Allora, ecco, ripartiamo dal “ciao” e dalla gioia dell’abbraccio dopo l’alba di Pasqua miscelando la nostra rinascita con quella del mondo dopo la guerra perché ci sarà un “dopo”. Sì, dopo l’impressionante slancio di solidarietà e accoglienza, torniamo al saluto dei pellegrini: in casa, per strada, sul tram, sul metrò. Lasciamo decantare i vasi di dolore e di ansia accumulati; l’aggressione incredibilmente brutale di un dittatore; i massacri dei soldati-bambini, le esecuzioni sommarie, le fosse comuni. Sono tragedie e drammi che, da giorni, si mescolano con le nostre delusioni, la malinconica solitudine del ritorno alla normalità, la tristezza di malattie debilitanti e feroci.
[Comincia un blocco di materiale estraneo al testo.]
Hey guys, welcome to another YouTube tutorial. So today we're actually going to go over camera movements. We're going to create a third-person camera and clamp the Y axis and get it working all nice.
Il saluto può essere il primo gesto per riprendere il cammino di una comunità che sarà sempre più colorata di razze, etnie, religioni. “Ciao” è un segnale che arriva dal cuore. È quel guizzo in più che aiuta a vivere. Ci può introdurre al dono dell’accoglienza, dell’amore, della carità. Usiamolo per gli ucraini e tutti gli altri, immigrati e non.
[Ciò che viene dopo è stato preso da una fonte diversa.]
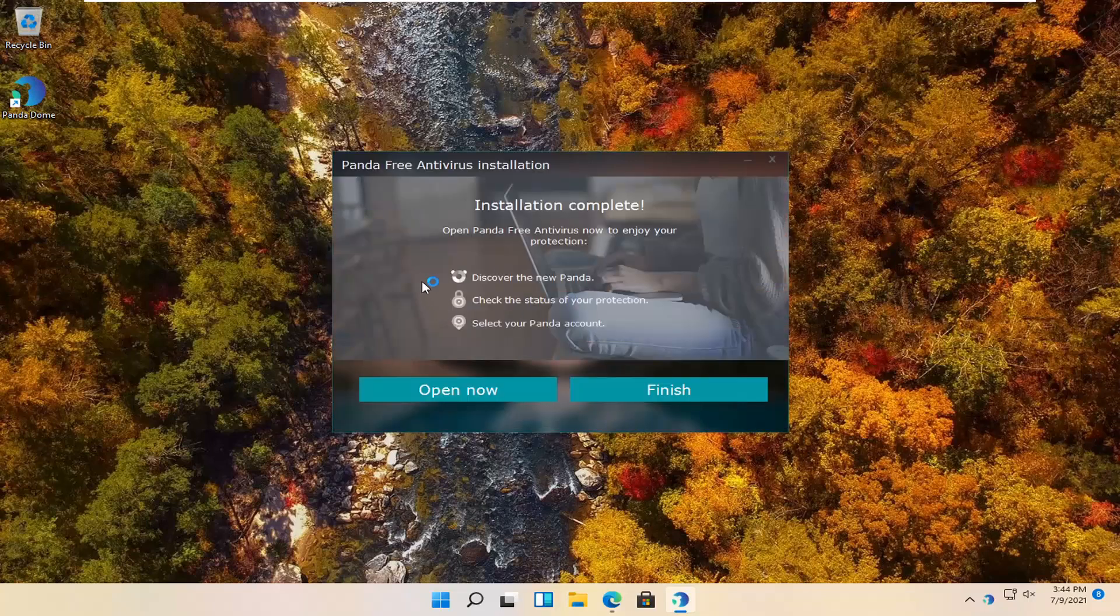And once it's done you can select finish and that's pretty much it.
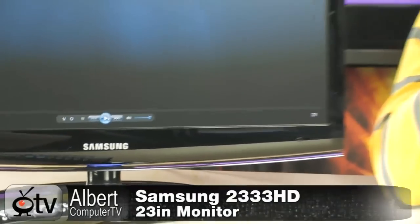Alright, today we're looking at the Samsung 2333 HD monitor. Now this thing is really cool.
Abbiamo raggiunto la fine per decreto (condizionata certo) dell’emergenza Covid, forse arriverà anche la pace come tutti vogliamo. Certo lasciamo, accanto a noi, le macerie di una botta al cuore che ha falcidiato migliaia di famiglie, distrutto le serenità, seminato discordia, ma siamo qui per riprendere un percorso che è un dono di Dio. I giorni che abbiamo vissuto, hanno marchiato la nostra fatica: di vivere e di credere con tanti se e tanti ma, ma è Pasqua. Nella croce, il legno verticale ci porta a Dio, quello orizzontale abbraccia il nostro piccolo mondo, il cielo ora ancora illuminato da bombe e missili. Quante volte passeggiamo per viali, per le vie, per la montagna, sui lungomari. Ci incrociamo con i volti di mille vite, cogliamo (a volte) gli oscuri rigurgiti di divisioni, di amori trasformati in odio o quel qualcosa di indefinito che blocca e impedisce qualsiasi comunicazione che abbia un senso, vediamo miseria e povertà materiale e morale, bombe e sangue innocente, ma non abbiamo la forza di reagire. Abbiamo visto i frutti dell’odio non solo ma soprattutto in Ucraina: sono il risultato dell’incomunicabilità ma anche le lezioni della storia! I nostri ragazzi quando si incontrano si salutano. Noi, spesso, no. E dopo, magari, stiamo pure male, ma restiamo zitti. Zitti di fronte alle palesi ingiustizie, zitti davanti ai soprusi, zitti di fronte alle barricate di odio che qualcun altro ha costruito e noi, spesso, alimentiamo.

C’è stata una valanga di fango limaccioso, ingiusto e a volte anche becero, su chi in questi anni ha cercato di trasformare il mare Mediterraneo, il mare dei fantasmi, in un porto sicuro per tanti disperati; c’è stato un crescendo di polemiche verso chi accoglie; c’è stato un silenzio assordante di fronte alle tragedie dell’Africa, ai drammi dell’America Latina, a chi in India continua a morire, solo, per strada a vent’anni dall’addio a Madre Teresa di Calcutta.

Ora basta: costruiamo la fine di questo mondo ingiusto e crudele. Basta poco. La città ideale non esiste, ma un piccolo gesto può essere l’inizio di una vera condivisione. Se vogliamo ritrovare il sorriso liberatorio, se cerchiamo di camminare seguendo quella croce che sale verticalmente e si incrocia orizzontalmente con le nostre emozioni, riprendiamo la vecchia, insuperata abitudine dei viandanti che all’alba, di notte, al tramonto incontrando “un altro” salutavano. Certo con questo non si risolvono i problemi, ma è il primo passo. La solidarietà nasce così e così cresce l’umanità: nei cortili dei condomini come sul fronte di guerra, nei porti come alle frontiere, nella reciprocità di un abbraccio: di profughi, di disperati, di familiari, di disoccupati, di persone che cercano speranza, come noi. Persone che seminano serenità, non veleni, bombe e morte.